That's exactly what Memphis did, starting in 2011, after Onzie Horne became the city's deputy director of community enhancement.

For years, Horne said, code enforcement inspectors responded to individual complaints of abandoned homes and vehicles, trash and overgrown properties.

The complaints came from residents, elected officials, service agencies and elsewhere, Horne said. The complaints were put into a hopper and doled out to inspectors by type and level of priority.

"It was a rather complicated mess," Horne said.

The department was so inefficient back then, he said, that he ordered an investigation in hopes of weeding out wrongdoing.

The investigation did not reveal any crimes, he said, just a lack of a systematic approach for inspectors to respond to complaints. As a result, the city faced a backlog exceeding 25,000 code enforcement cases and 40,000 complaints about overgrown lots, Horne said.

Horne and other city officials put their heads together and came up with a blight-reduction initiative that became known as 25 Square Blocks.

Inspectors started by canvassing a single 25-square-block area, documenting violations along the way. They notified property owners that they had five days to clean up the mess. After the five days, the city moved in and took care of any violations, then billed the property owners for the work.

The city didn't stop there. Other departments inspected the area for broken sidewalks and street lights, potholes and utility leaks. Any problems found were promptly fixed, Horne said.

Under the new approach, inspectors did not have to zig-zag all over town responding to a single complaint, and debris could be hauled away at the project's completion, saving time and money.

Memphis also saves money by contracting with vendors who hire convicted felons to mow yards and haul off rubbish. Not only can a lot be cleaned for substantially less money, Horne said, jobs are also provided to ex-convicts who have few other employment opportunities.

In the old days, Horne said, the city responded to about 6,800 complaints a year. At the end of this fiscal year, he said, the city expects to have cleaned up 39,000 lots. Horne said his department's budget has remained unchanged.

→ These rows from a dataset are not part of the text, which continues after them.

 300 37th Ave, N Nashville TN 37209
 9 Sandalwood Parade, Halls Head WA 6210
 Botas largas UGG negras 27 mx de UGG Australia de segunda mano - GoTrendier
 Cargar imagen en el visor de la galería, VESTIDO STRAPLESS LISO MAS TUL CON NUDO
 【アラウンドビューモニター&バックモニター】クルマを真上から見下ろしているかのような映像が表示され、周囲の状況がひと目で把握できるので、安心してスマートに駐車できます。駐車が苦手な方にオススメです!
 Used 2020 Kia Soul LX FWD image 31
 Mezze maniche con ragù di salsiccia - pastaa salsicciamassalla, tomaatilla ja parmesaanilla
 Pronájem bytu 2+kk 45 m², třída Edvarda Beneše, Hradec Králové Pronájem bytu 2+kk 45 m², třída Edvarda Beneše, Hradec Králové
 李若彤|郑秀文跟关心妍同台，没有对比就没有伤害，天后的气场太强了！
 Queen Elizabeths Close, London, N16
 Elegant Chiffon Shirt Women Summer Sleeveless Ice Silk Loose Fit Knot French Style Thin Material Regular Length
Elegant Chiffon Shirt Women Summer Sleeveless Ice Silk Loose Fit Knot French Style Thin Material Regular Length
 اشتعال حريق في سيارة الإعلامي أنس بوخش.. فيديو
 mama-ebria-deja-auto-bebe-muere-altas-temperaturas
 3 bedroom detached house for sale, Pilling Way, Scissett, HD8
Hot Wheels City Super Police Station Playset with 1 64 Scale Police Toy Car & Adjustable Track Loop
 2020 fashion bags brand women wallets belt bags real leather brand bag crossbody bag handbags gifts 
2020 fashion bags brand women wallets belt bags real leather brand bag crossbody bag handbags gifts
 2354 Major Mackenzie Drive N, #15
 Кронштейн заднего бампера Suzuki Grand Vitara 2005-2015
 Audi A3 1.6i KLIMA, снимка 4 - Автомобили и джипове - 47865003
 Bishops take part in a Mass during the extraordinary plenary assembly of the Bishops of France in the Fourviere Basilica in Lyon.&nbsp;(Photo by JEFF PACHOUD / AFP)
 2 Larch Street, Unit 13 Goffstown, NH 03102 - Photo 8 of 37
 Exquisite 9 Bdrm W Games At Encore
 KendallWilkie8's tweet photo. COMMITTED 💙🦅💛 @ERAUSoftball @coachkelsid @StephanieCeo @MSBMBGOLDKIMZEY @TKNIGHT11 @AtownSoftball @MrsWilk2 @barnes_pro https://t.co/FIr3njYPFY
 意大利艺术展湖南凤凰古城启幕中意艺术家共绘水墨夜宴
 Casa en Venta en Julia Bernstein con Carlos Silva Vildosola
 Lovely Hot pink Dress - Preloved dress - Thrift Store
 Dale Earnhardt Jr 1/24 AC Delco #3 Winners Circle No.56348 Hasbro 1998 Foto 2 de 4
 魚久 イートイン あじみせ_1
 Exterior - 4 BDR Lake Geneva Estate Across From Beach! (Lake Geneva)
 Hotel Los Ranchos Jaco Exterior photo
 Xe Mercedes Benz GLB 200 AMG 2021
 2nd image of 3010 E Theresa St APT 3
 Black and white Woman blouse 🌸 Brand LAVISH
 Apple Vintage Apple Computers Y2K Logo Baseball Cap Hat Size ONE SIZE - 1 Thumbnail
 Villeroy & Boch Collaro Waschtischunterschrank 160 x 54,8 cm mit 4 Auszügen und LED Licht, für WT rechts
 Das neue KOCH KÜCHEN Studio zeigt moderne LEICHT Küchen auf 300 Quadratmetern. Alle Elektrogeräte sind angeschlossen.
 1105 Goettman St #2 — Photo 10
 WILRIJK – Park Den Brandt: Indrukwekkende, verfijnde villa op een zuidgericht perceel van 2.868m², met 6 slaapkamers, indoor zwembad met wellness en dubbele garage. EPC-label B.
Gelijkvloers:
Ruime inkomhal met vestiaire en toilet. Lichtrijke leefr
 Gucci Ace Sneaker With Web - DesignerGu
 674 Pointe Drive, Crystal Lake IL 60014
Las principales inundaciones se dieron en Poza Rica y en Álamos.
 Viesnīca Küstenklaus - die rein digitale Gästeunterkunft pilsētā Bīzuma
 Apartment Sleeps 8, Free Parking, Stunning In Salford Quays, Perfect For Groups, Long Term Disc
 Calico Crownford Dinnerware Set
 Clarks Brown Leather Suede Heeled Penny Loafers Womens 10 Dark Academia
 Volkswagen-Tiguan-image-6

Memphis Mayor A C Wharton is a cheerleader of 25 Square Blocks, saying it is much more efficient and effective than the old way of doing things.

"Sure, you can run in there with track hoes or whatever and take down a vacant house that trees have grown through," Wharton said. "We can do that in an hour and then go. But guess what: Five days, later somebody is calling about a house three doors down from that one.

"So what do you do? You turn around and you are back out there again or you don't go back because you say we have just been out there. We can't come. And of course, the neighborhood becomes alienated."

Horne said 25 Square Blocks has rejuvenated not just neighborhoods but the people who live there.

"We have citizens that come out when they see our crews in the area and say, 'We didn't think the city cared. We have never seen anything like this. What are you guys doing?'

"When we communicate what the program is all about, people change their attitudes about their own properties. They come out and start repairing their fences and repairing the stoop."

Horne says 25 Square Blocks is the best initiative to relieve blight.

"The reason is really simple," he said. "This city, no city will ever have the resources to be able to address all these issues on their own. What we can do is we can change the pathology of neighborhoods, give hope to property owners that changes will occur so that they reinvest and have some responsibility for their own properties."

Scott Shuford, Fayetteville's development services director, takes pride in the fact that about 75 percent of reported violations in this city come from his own inspectors. In most cities, he said, residents report the majority of violations.

Shuford also credits Bart Swanson, his division manager of housing and code enforcement, with overhauling the code enforcement office. When Swanson was hired, Shuford said, the office could respond to only about 5,000 complaints a year. Now, he said, inspectors respond to about 13,000 violations annually. 

But Shuford acknowledged that Fayetteville's approach remains reactive rather than proactive. He said he sees merit in the 25-Square Block concept and intends to look into it further.